[Clinicopathological study of incidental cancer prostate in patients undergoing surgery for symptomatic diagnosis of BPH]

Actas Urol Esp. 2006 Jan;30(1):33-7. doi: 10.1016/s0210-4806(06)73393-9.
[Article in Spanish]

Abstract

OBJECTIVES-INTRODUCTION: Retrospective study of a series of patients with prostate surgery (suprapubic prostate adenomectomy -APS-, and prostate transurethral resection -RTU-P-) for presumed BPH symptomatic non-respondent to the conservative medical treatment. Analysis of prevalence, incidence, clinical-pathological, treatment, tumor progression and evolution of the patients with incidental prostate cancer (CPI) detected.

Material and methods: 1593 patients with prostate surgery (APS and RTU-P) during 6 years (1996-2001) were revised. APS 35%, RTU-P 65%. Revision of all pathological anatomy of surgical specimens and the evolutions of the patients with CPI.
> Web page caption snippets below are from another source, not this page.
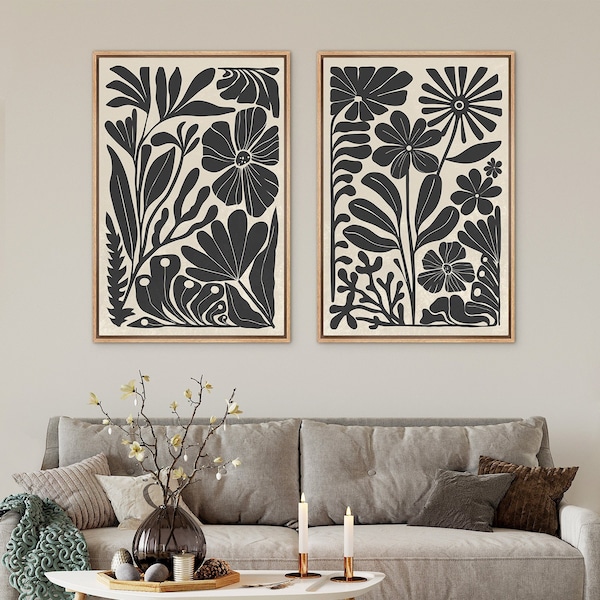 Framed Canvas Wall Art Set Abstract Floral Botanical Prints Minimalist Modern Art Boho Wall Decor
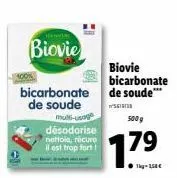 biovie bicarbonate de soude - désodorise/nettoie/récure, 500g, promotion 17⁹!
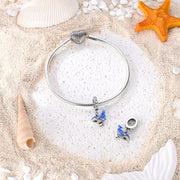 Celestial Whale Bead Fits Pandora Charm Bracelet, Silver Starry Night Blue Enamel Moon Gift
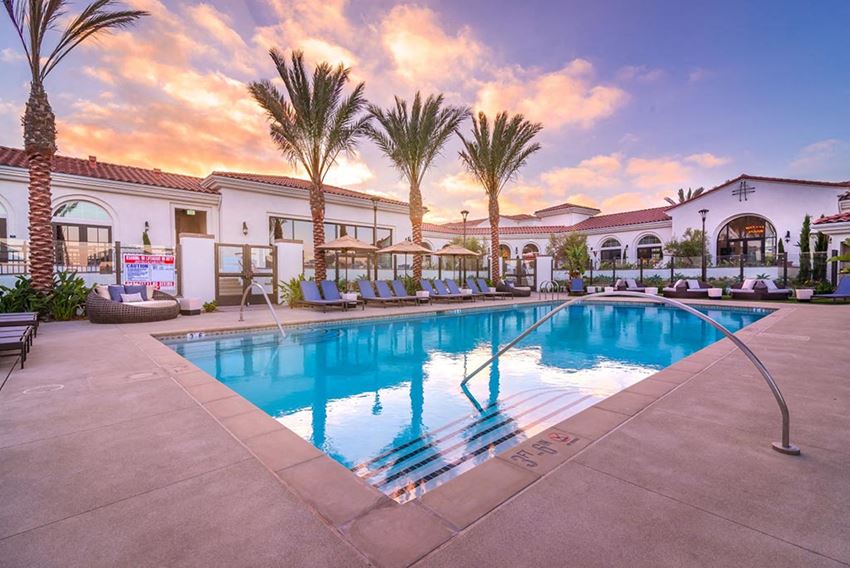Swimming pool in the evening Swimming pool in the evening at Montecito Apartments at Carlsbad, Carlsbad, 92010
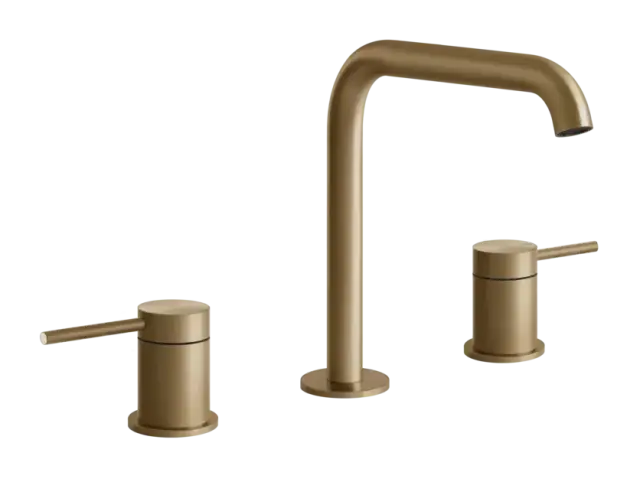 Смеситель для раковины Gessi316, на 3 отверстия, средний, без донного клапана, цвет Warm Bronze Brushed PVD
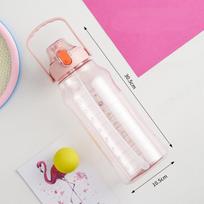 2 Liter Sports Water Bottles Transparent Plastic Water Cup BPA Free Water Bottle Portable Outdoor Travel Bicycle Drinkware Jug 2000ml rožinė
Results: 78 CPI; Prevalence 4,89%; Incidence 13 cases/year. Mean age 73.6 years. Digital rectal examination was normal in 100%, mean PSA 6 ng/ml (0.5-30). Group APS: 25 CPI (32%); prevalence 4.55%; incidence 4 cases/year; mean PSA 7.7 ng/ml (2.8-30); mean weight resection 65 gs. Group RTU-P: 53 CPI (68%); prevalence 5,07%; incidence 9 cases/year; mean PSA 5.2 ng/ml (0,5-29); mean weight resection 20 gs. 22% biopsy previously by high PSA, mean PSA 14 ng/ml (4,8-30). Gleason average 5 (mean 4.8), rank 3-8. pTla 66%, pTlb 33%.

Treatment: 57% follow-up watched without treatment (wait and see); 18% hormonal treatment; 3% finasteride; 9% Radical Prostatectomy; 9% radiotherapy. Follow Lost 4%. Mean follow-up 47.19 months (12-96). Tumor progression 13.3% (10 patients). Specific CPI mortality 2.6% (2 patients).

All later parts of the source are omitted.